In the midst of the swirl of music, movies, bodies, phone calls, issues, decisions, wristbands, film passes, badges, food, questions, hurried trips to the office, there is the calm. Seemingly from a distance, as I travel through Austin, I watch it explode with activity.
This year, I drove a rented white Lincoln Town Car. The first night I parked it in front of our house, the birds made it welcome by covering it with droppings. With that bizarre sense of focus haunting my life, in which I can carry obliviousness to dizzying heights, I drove it like that all week. There I was at peace, cruising along in my bird-shit-covered Lincoln, essentially a cartoon cutout of a car moving smoothly against vividly overcolored, highly illuminated backdrops of Austin: exaggerated, multiplied, and compounded, peopled by wild tribes of cartoonish characters.
As I drove, over and over I listened to some board tapes of performances of Brian Wilson's Smile, given me by a friend. In ways, Smile is a symphonic hallucination, a series of sonic cartoons; in other ways, it is a document of vast ambitions and truly intuitive, encyclopedic musical knowledge. Over time, my main consideration became whether the song "Heroes and Villains," as rendered in Smile, was as great a song as "Good Vibrations." Not greater and because I'm just not into focused listing, I should note that there are probably a thousand songs I regard as being as great as "Good Vibrations." I've always loved "Heroes and Villains" but thought the song fell short of its ambitions, while "Good Vibrations" transcended its. But in the longer form of both the songs, the former seemed almost as impressive as the latter.
Now, I'm the first to admit this is not among the greater philosophical considerations. In a way, it was to center distracted attention. In another way, it was an effort to accentuate the unreality, until the car and I were flying through the sky, music coming from the clouds.

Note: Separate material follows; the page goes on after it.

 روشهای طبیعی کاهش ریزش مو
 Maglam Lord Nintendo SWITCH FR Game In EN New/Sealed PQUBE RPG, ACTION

When you come right down to it, a lot is about achievement matched to ambition, a far more complicated equation than it might first appear. Back when I took writing courses from John Irving, he made the point that every piece of writing was like an egg. They might be small (in their ambitions) and flawless, or they might be huge, with cracks as well as every other possibility therein. They should always be considered in context: the scope, quality, and maturity of the ambition matched to the extent and comprehensiveness of the achievement.
Gliding through an Austin flooded by sunlight, as the tribes of those dressed in studs, black, plaids, and scarves wandered the landscape, was an amusement-park ride on which you think you're driving, but the car is affixed to the tracks. There are worse vices and far more dangerous indulgences than pondering ambition and achievement, vision and dedication, while enjoying truly revelatory music.